** Data under study follows **

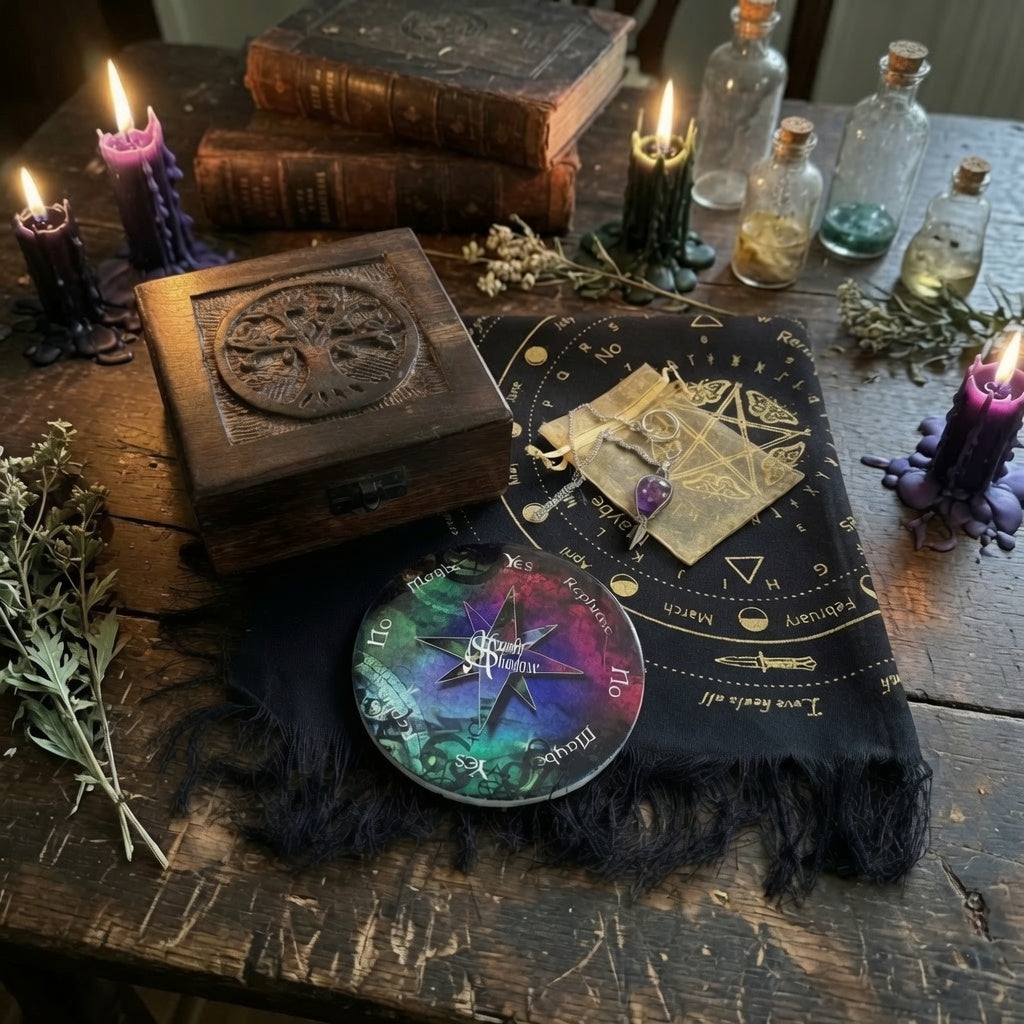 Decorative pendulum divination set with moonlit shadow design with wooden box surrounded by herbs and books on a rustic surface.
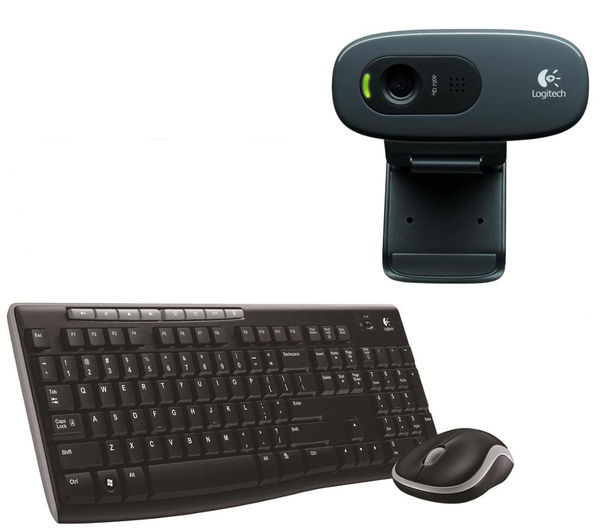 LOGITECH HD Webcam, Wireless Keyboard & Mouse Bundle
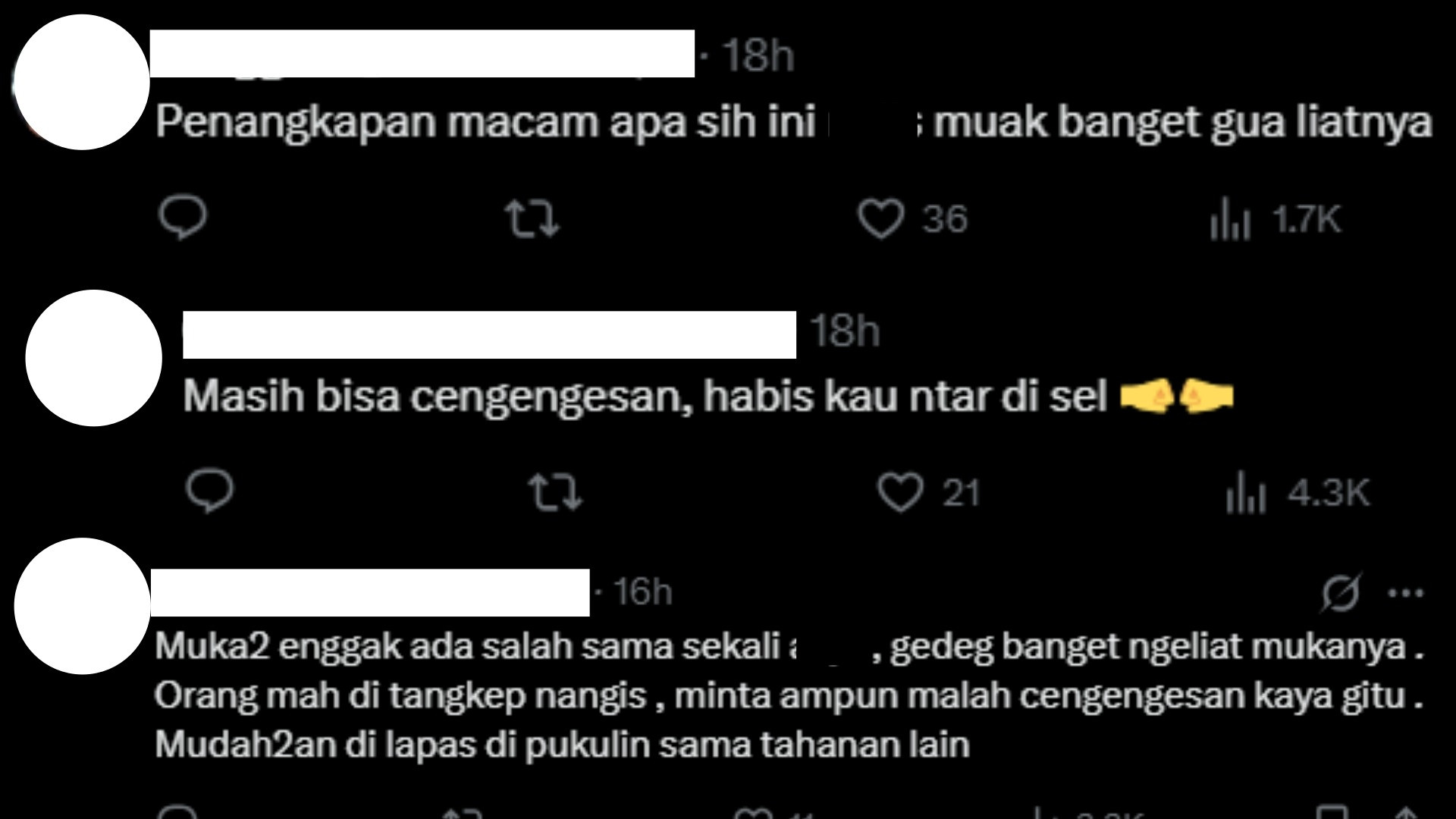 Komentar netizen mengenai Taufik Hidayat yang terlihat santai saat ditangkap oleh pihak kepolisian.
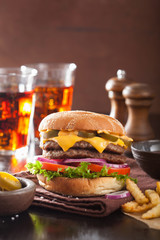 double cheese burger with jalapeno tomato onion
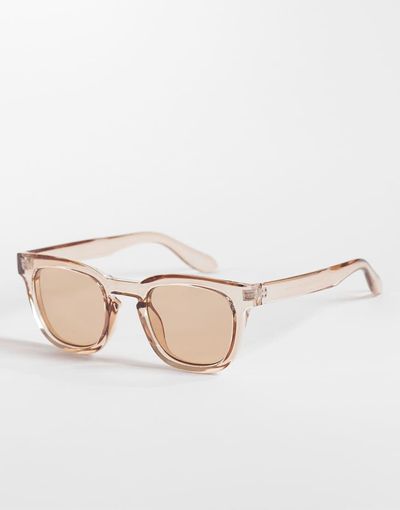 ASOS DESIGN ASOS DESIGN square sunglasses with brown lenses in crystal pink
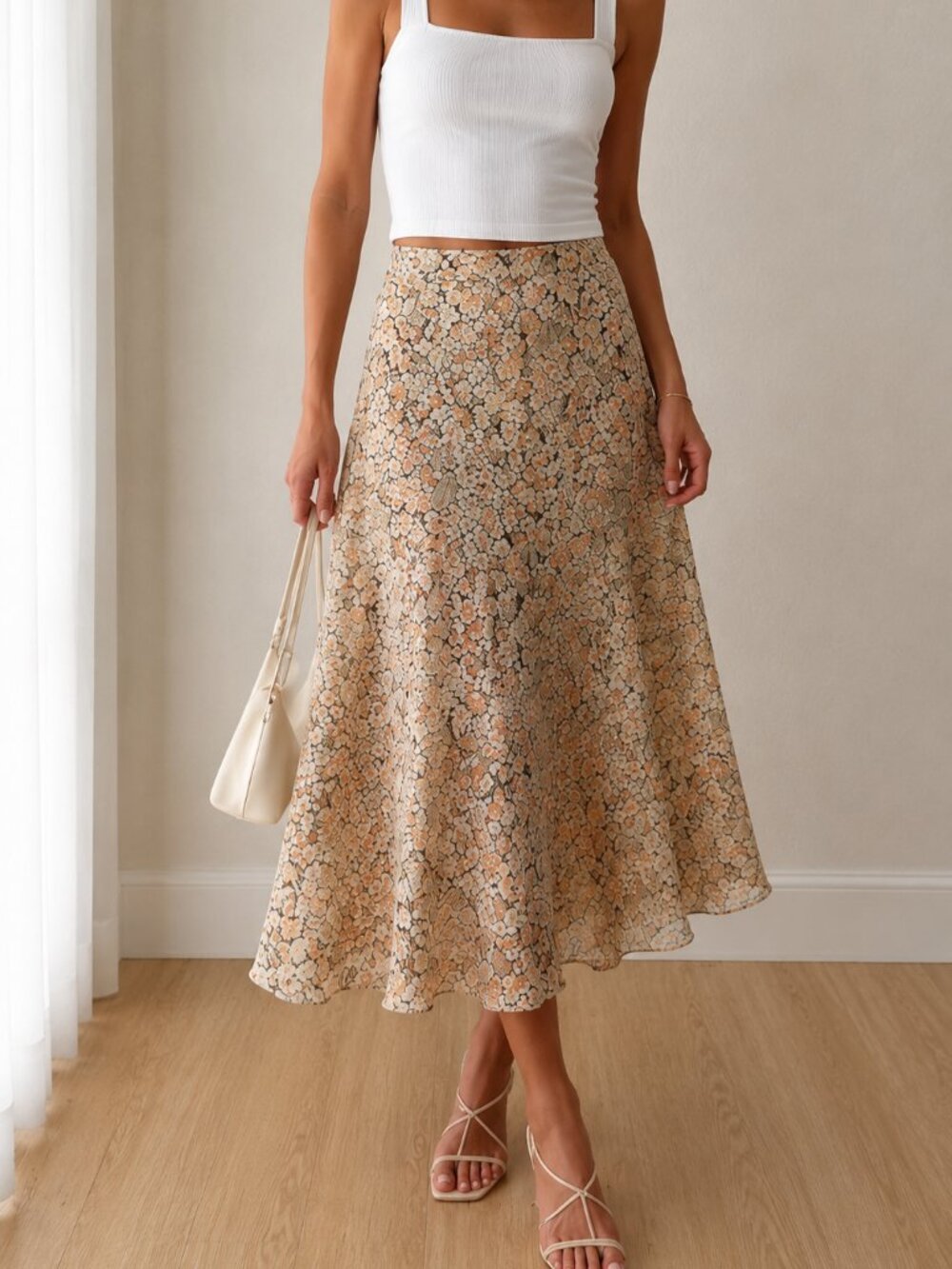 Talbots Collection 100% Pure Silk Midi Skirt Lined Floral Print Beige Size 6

** End of Data under study **
** Data under study follows **

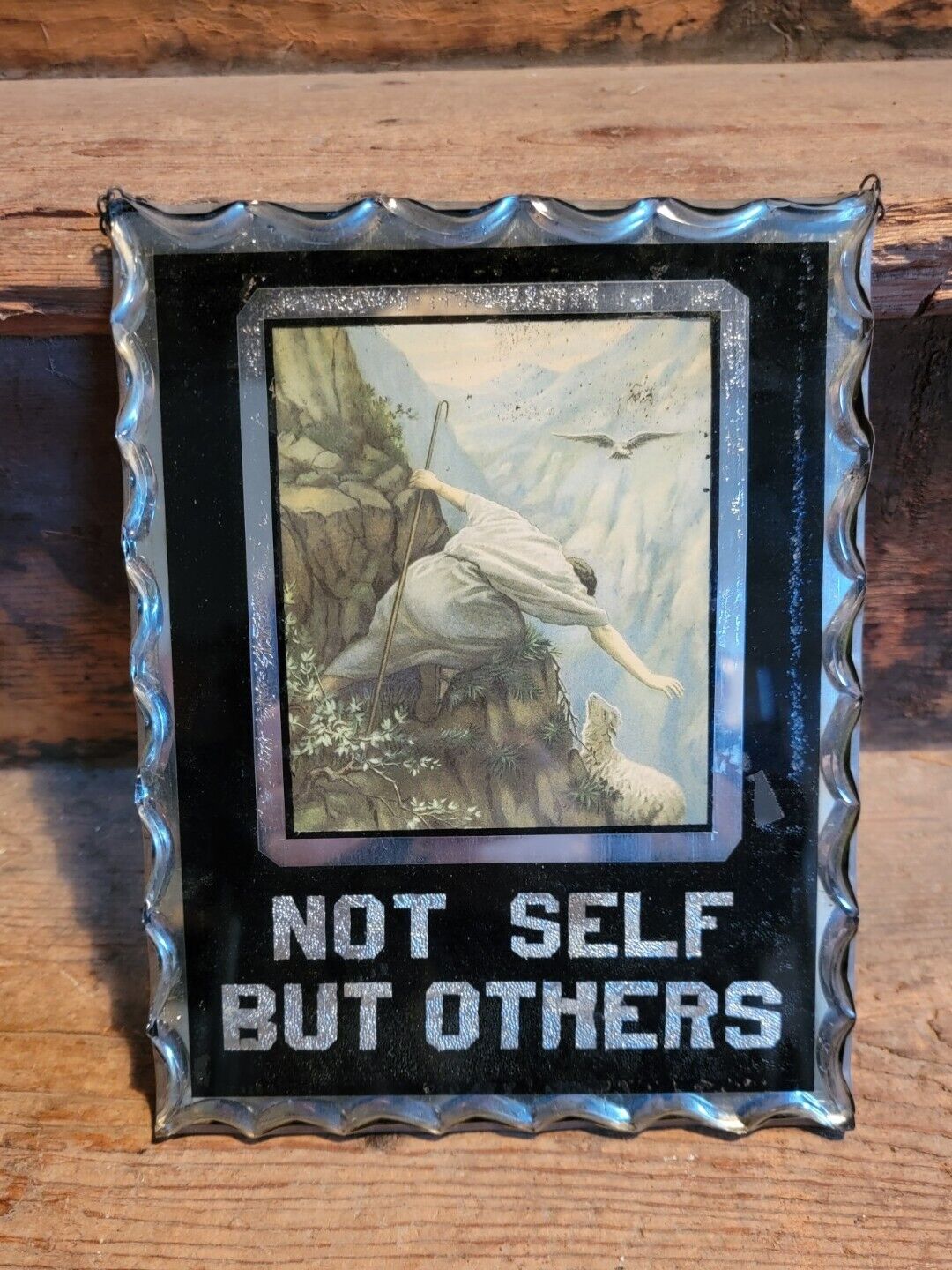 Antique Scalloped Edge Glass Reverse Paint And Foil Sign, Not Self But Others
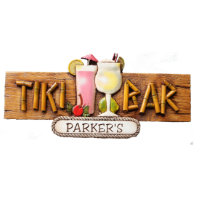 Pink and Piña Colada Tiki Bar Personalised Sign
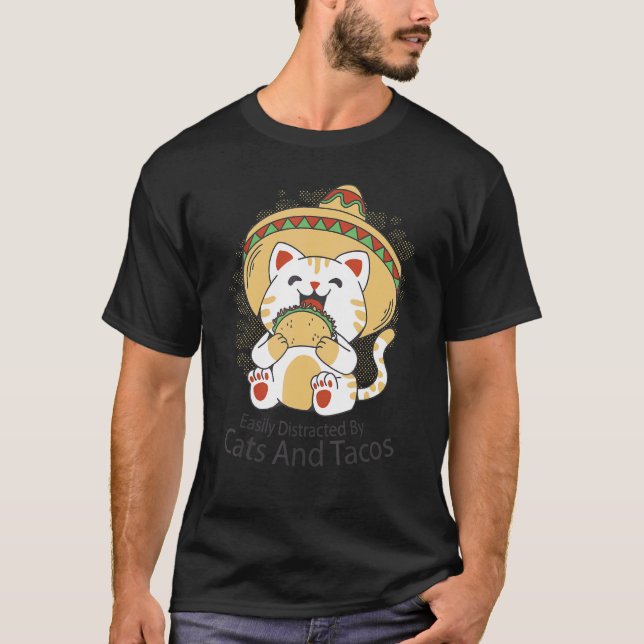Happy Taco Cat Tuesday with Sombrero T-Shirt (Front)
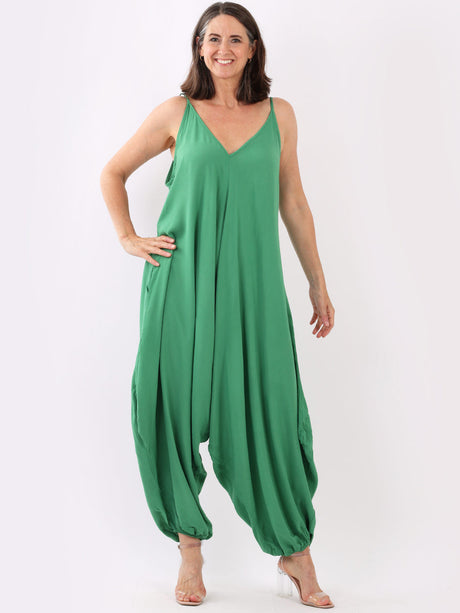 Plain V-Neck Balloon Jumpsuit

** End of Data under study **

**Try it**. What belongs in the answer is each line above from the line with "Decorative pendulum divination" to the line with "ASOS DESIGN ASOS", inclusive, reproduced exactly and free of pictures.

**Answer for this exercise**.
 Decorative pendulum divination set with moonlit shadow design with wooden box surrounded by herbs and books on a rustic surface.
 LOGITECH HD Webcam, Wireless Keyboard & Mouse Bundle
 Komentar netizen mengenai Taufik Hidayat yang terlihat santai saat ditangkap oleh pihak kepolisian.
 double cheese burger with jalapeno tomato onion
 ASOS DESIGN ASOS DESIGN square sunglasses with brown lenses in crystal pink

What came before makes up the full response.